Lectures and Colloquia during the semester



June 11, 2001

Technische Universität Berlin
Straße des 17. Juni 136, 10623 Berlin
Math building - Room MA 042


Lecture - 14:15

Cliff Stein - Dartmouth College

Scheduling to simultaneouly optimize two criteria

Abstract: Scheduling algorithms are designed to optimize many optimality criteria in a wide variety of scheduling models. To design an algorithm that is specialized to one paricular problem/object is well-motivated and justified, as an algorithm that works well for one scheduling problem/objective may perform poorly on a different scheduling problem/objective.

We give very general results about the existence of schedules which simultaneously minimize two criteria. We will focus mainly on results that apply to almost any scheduling environment, and apply to all pairs of metrics in which the first metric is one of maximum flow time, makespan, or maximum lateness and the second metric is one of average flow time, average completion time, average lateness, or number of on-time jobs. We will show that for almost all such pairs of metrics there exist schedules which are simultaneously close to optimal for both metrics.

We will also discuss algorithms for simultaneously optimizing two metrics.


Colloquium - 16:00

Vanessa Kääb - Technische Universität Berlin

Critical Sets in AND/OR-Networks

Abstract: An instance of the resource-constrained project scheduling problem can be represented by a set V of jobs, with integral processing times, a precedence digraph D=(V,A), and a set F={F_1,..., F_k} of minimal forbidden sets, representing various resource constraints. Every such minimal forbidden set F in F is a set of precedence-unrelated jobs that cannot be scheduled simultaneously but every proper subset can. The objective is to minimize the makespan, i.e. the latest completion time of any job. To resolve the resource conflicts, we select a waiting job j in F for every minimal forbidden set. Such a selection s=(j_1,...,j_k) can be represented by a so-called AND/OR-network N, which contains the precedence digraph D as a subgraph. If the selection s is feasible it induces a well defined schedule, which can be computed efficiently in the network N. Ignoring the resource conflicts, the problem reduces to finding the makespan subject to the precedence constraints represented by D. In an acyclic digraph the makespan is determined by at least one "longest path" in the graph. The jobs on such a path are often called critical.
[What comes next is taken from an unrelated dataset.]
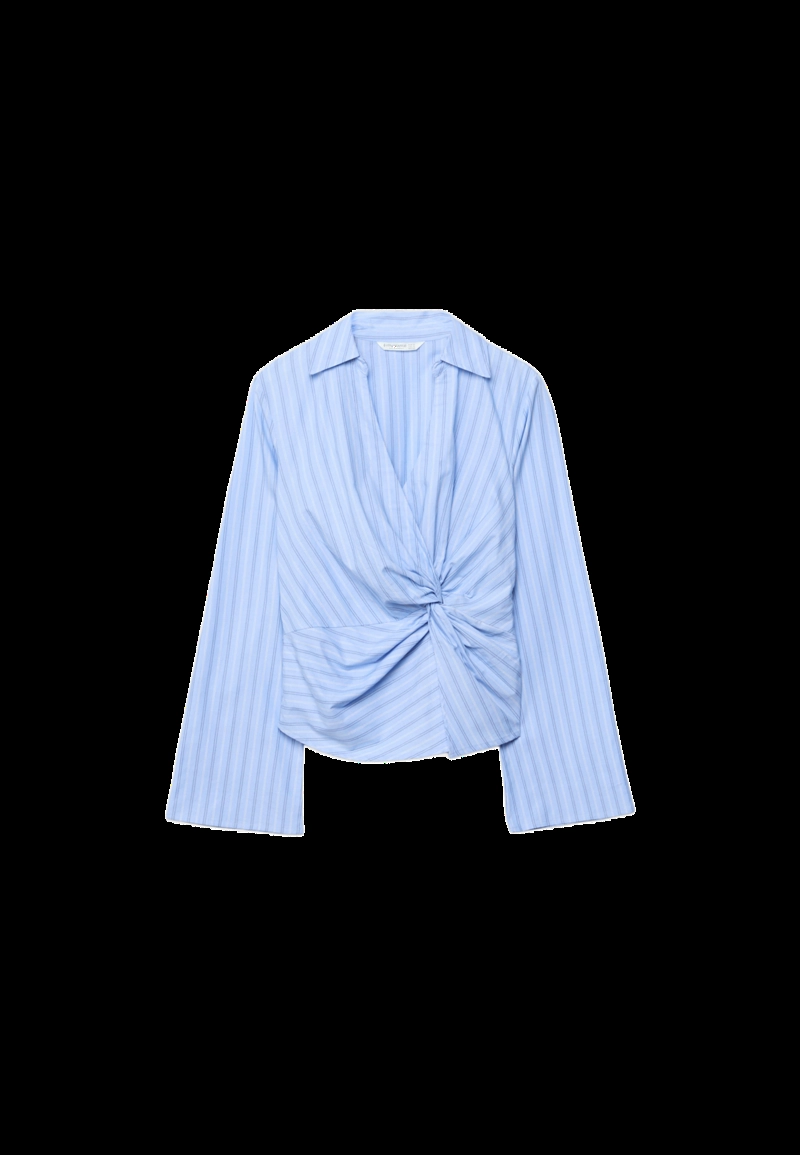 Приталенная рубашка с узлом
These critical jobs have the property that any increase in the processing time of one of them results in an increase of the makespan. Unfortunately one cannot identify a simple longest path or a single critical job in an AND/OR-network in general. However it is possible to detect critical sets of jobs. We will present three different definitions of "criticality" and show the connections between them. It turns out that two of these definitions form a blocking pair of clutters.